━━━━━ RECORDS TO USE
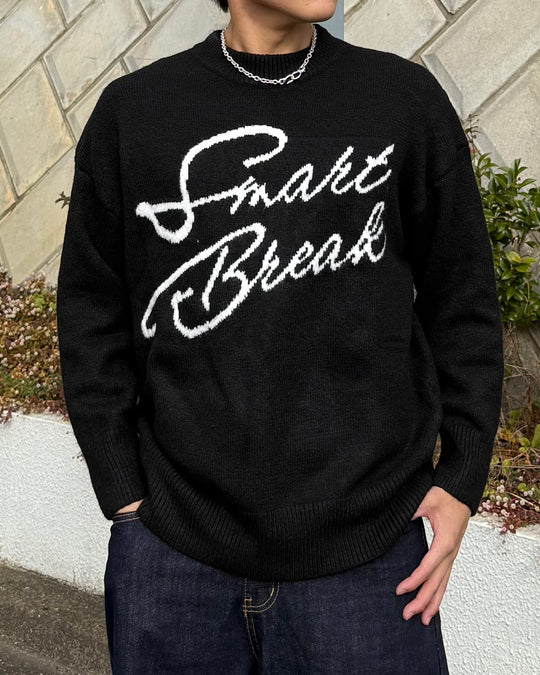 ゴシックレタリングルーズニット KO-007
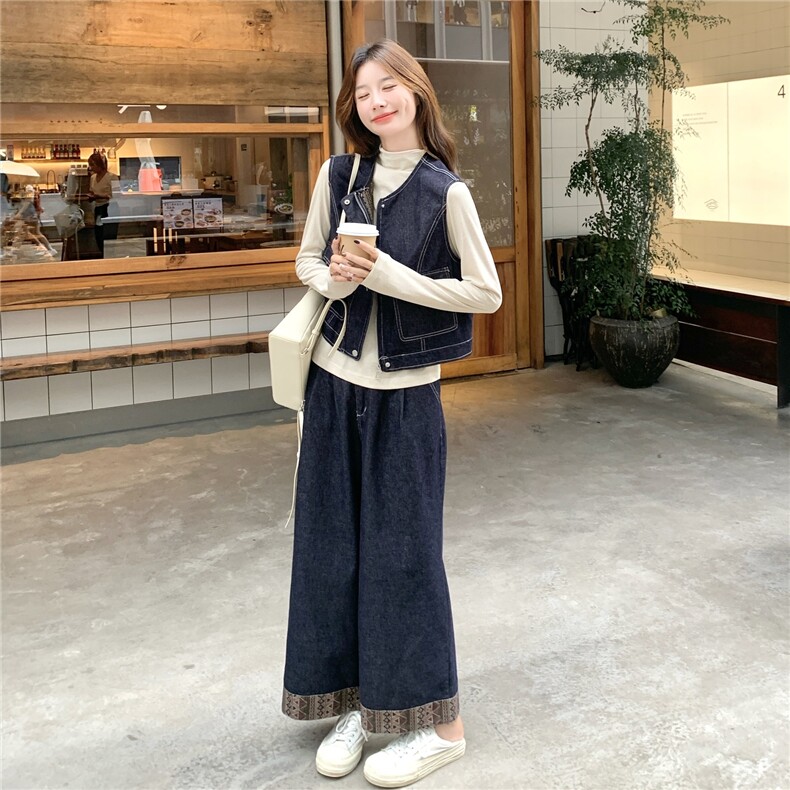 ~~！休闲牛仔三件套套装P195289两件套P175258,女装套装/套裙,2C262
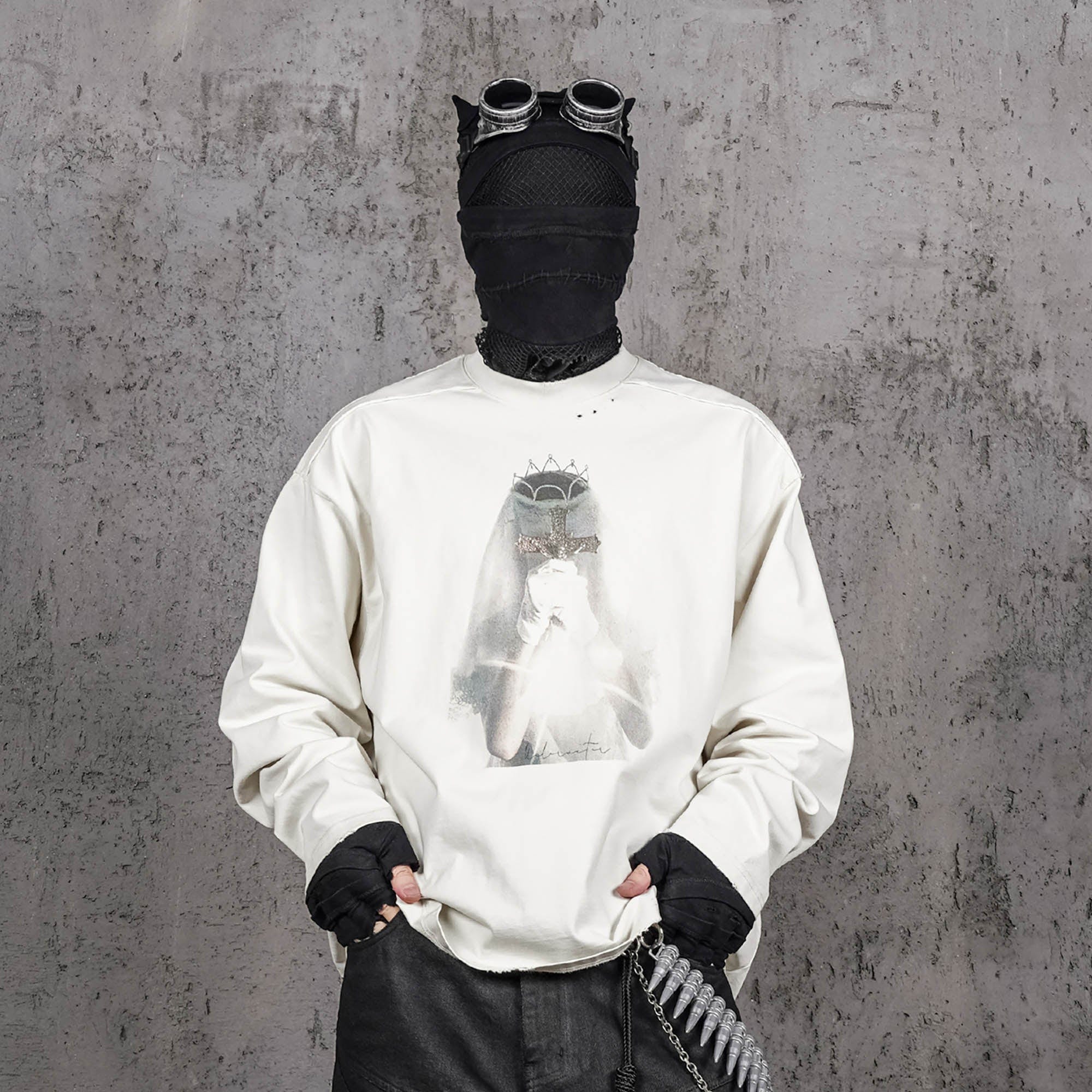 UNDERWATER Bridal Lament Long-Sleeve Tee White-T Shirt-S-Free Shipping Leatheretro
━━━━━━━━━━
━━━━━ RECORDS TO USE
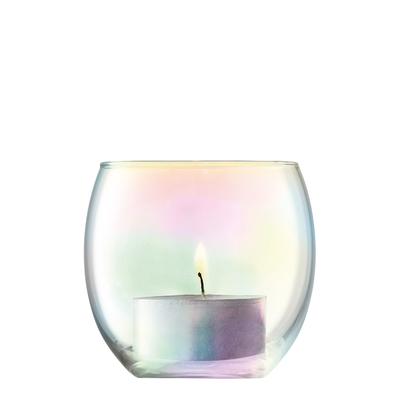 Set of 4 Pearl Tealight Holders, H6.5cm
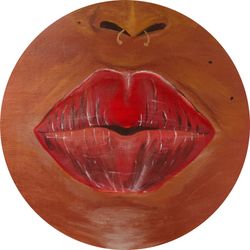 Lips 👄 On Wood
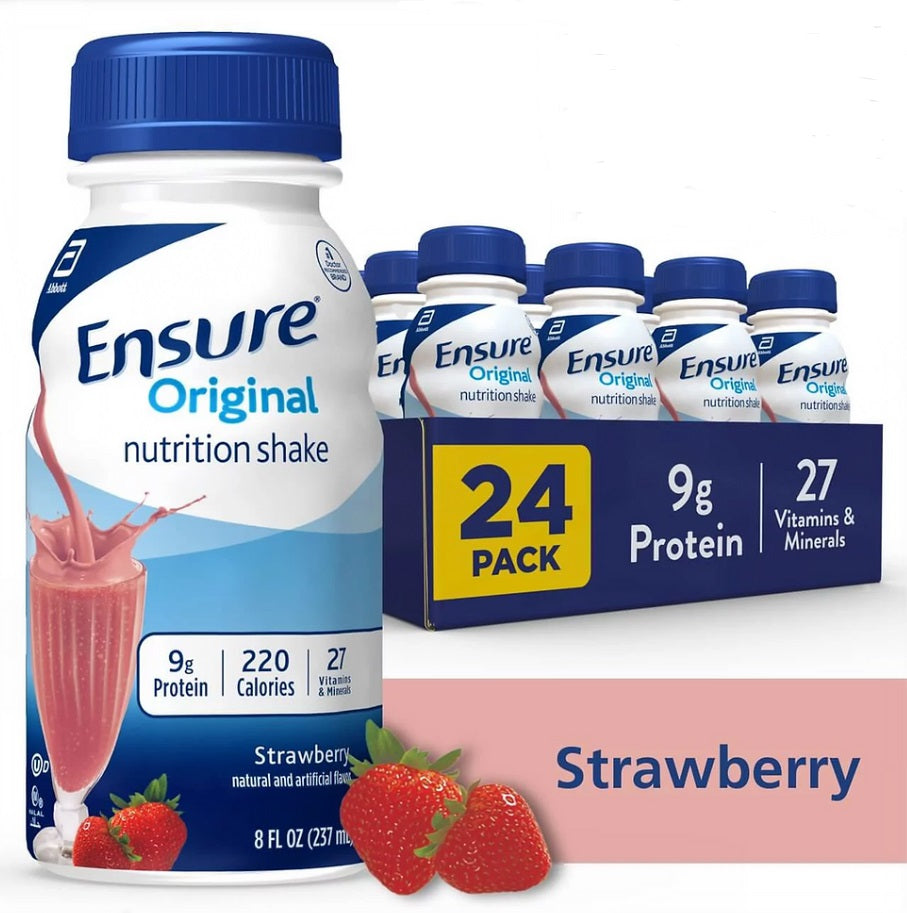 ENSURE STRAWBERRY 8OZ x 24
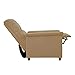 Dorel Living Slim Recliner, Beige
━━━━━━━━━━
━━━━━ RECORDS TO USE
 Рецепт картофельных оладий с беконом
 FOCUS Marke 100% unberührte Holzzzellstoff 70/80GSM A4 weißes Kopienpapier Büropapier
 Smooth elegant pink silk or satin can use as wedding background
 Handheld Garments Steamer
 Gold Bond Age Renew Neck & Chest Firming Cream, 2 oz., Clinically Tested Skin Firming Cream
━━━━━━━━━━
- **WHAT TO PRODUCE**: Using the records above, repeat exactly the run of lines that starts with the line with "ゴシックレタリングルーズニット KO-007" and goes on through the line with "UNDERWATER Bridal Lament"; omit each picture.

- **PROBLEM SOLUTION**:
 ゴシックレタリングルーズニット KO-007
 ~~！休闲牛仔三件套套装P195289两件套P175258,女装套装/套裙,2C262
 UNDERWATER Bridal Lament Long-Sleeve Tee White-T Shirt-S-Free Shipping Leatheretro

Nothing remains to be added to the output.